Денис Васильевич Давыдов вошёл в литературу как создатель «гусарской лирики». Это вечное «приложение»: «поэт-партизан», «поэт-воин», «певец-витязь», «певец-гусар». В отношении к Д.Давыдову сочетания подобного рода стали настолько привычны, что мы перестали замечать их несочетаемость. Именно с Денисом Давыдовым и с его поэзией связано и особенное культурологическое отношение к самому понятию «гусар». До появления его стихотворений в сознании русского человека «гусары» («легкоконные воины». – Вл. Даль) ничем не отличались от «улан», «драгун», «кирасир» или «гренадёр». Служба в гусарских войсках поначалу вовсе не была престижной: тот же Давыдов начал служить в куда более привилегированном Кавалергардском полку – и лишь в 1804 году, за сочинение противоправительственных басен, был «понижен» рангом и сослан в Белорусский гусарский полк. Но в этом же году стало расходиться в многочисленных списках его стихотворение, положившее начало особенному отношению к гусарам. Стихотворение это было посвящено лихому буяну А.П. Бурцову, старшему сослуживцу автора, - и если бы не это стихотворение, то имя Бурцова, пьяницы и гуляки, ничем более себя не прославившего, давно бы кануло в вечность…

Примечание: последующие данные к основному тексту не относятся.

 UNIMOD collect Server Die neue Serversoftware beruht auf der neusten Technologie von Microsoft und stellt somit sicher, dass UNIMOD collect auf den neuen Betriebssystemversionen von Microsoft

Бурцову, призывание на пунш

Бурцов, ёра, забияка,

Собутыльник дорогой!

Ради бога и... арака

Посети домишко мой!

В нём нет нищих у порогу,

В нём нет зеркал, ваз, картин,

И хозяин, слава богу,

Не великий господин.

Он - гусар, и не пускает

Мишурою пыль в глаза;

У него, брат, заменяет

Все диваны куль овса.

Нет курильниц, может статься,

Зато трубка с табаком;

Нет картин, да заменятся

Ташкой с царским вензелём!

Вместо зеркала сияет

Ясной сабли полоса:

Он по ней лишь поправляет

Два любезные уса.

А на место ваз прекрасных,

Беломраморных, больших

На столе стоят ужасных

Пять стаканов пуншевых!

Они полны, уверяю,

В них сокрыт небесный жар.


Приезжай - я ожидаю, -

Докажи, что ты гусар.

1804

Представленный Давыдовым гусар – это был, собственно, первый в русской литературе живой образ воина, воссозданный путём словесного творчества. В стихах «поэта-воина» фактически нет ни одного описания сражения (какие есть у «невоинов» Батюшкова или Пушкина). Он часто ограничивается упоминанием неких «опорных» деталей военного быта («Сабля, водка, конь гусарский…») и охотнее воспевает не «сечу», а «биваки»… Использовались Давыдовым и гиперболы, например, с непременной «водкой», столь «ухарски» потребляемой на пирушках: «Ставь бутылки перед нами…». Усы – с самых ранних стихов поэта – стали своеобразным символом гусара – «честью гусара»: «С закрученными усами…», «И с проседью усов…». Ещё более пестрят этими самыми «усами» стихотворные послания к Давыдову: «усатый запевала», «и закрутив с досады ус», «усатый воин». Благодаря этому образу понятие «гусар» стало нарицательным и даже расширительным: в обиход вошли слова «гусарить» («молодцевать из похвальбы, франтить молодечеством». – Вл. Даль) и «гусаристый»… Козьме Пруткову принадлежит шутливый, но очень глубокий афоризм: «Если хочешь быть красивым, поступи в гусары». Денис Васильевич был отнюдь не прочь «погусарить» и в стихах, и в прозе. Стихи свои он сам называл «крутыми», что проявлялось в особенной «взбалмошности» их языка и стиля: «понтируй, как понтируешь, фланкируй, как фланкируешь… («Гусарский пир», 1804). В «Песне старого гусара» (1817), упрекая гусар молодого поколения в отступлении от былых идеалов, автор восклицает: «Говорят: умней они.… Но что слышим от любого? Жомини да Жомини! А об водке – ни полслова!» Барон Генрих Вениаминович Жомини (1779-1869) был генералом, французом на русской службе, слыл за известного военного теоретика; Давыдов, сам занимавшийся теорией партизанской войны, спорил с установками этого самого Жомини… Но стихи стали знамениты вовсе не этим намёком на полемику: необычное противопоставление не просто запомнилось, а врезалось в память, превращалось в пословицу. И не будь этих стихов – кто бы сейчас вспомнил о генерале Жомини!.. Пожалуй, ни одному из русских поэтов судьба не даровала такой «гусаристой» биографии.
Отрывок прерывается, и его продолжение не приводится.